DLR-RM / rl-baselines3-zoo

A training framework for Stable Baselines3 reinforcement learning agents, with hyperparameter optimization and pre-trained agents included.
https://rl-baselines3-zoo.readthedocs.io
MIT License
2.07k stars 515 forks source link

[Question] state dimension different from original gym. #137

Closed hskAlena closed 3 years ago

hskAlena commented 3 years ago

In the gym FetchPush-v1, env.observation_space['observation'] outputs Box(-inf, inf, (25,), float32)

However, when I print out 'observation' space length using enjoy.py, it prints out 26. `python enjoy.py --algo tqc --env FetchPush-v1

print(len(obs['observation'][0]))`

What makes the difference? I'm using the agent's state output of enjoy.py, so the dimension should be the same.
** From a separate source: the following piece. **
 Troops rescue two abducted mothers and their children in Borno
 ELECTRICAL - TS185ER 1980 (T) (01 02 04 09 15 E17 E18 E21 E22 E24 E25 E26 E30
Is this a bug or do I need to post-process the output before using it somewhere else?

System Info Python version is 3.7.9 PyTorch version is 1.7.1

araffin commented 3 years ago

Hello, if you take a look at TQC hyperparameters, it uses a time feature wrapper (see https://github.com/araffin/rl-baselines-zoo/issues/79 and https://sb3-contrib.readthedocs.io/en/master/common/wrappers.html#timefeaturewrapper) which therefore adds an additional dimension to the input. The enjoy.py script loads automatically the required wrappers.

hskAlena commented 3 years ago

Hello! I didn't know there were similar questions previously, thanks for your kind reply! :) I guess I can just get rid of the last dimension of state space then, like obs['observation'][0][:-1]

Again, thanks a lot!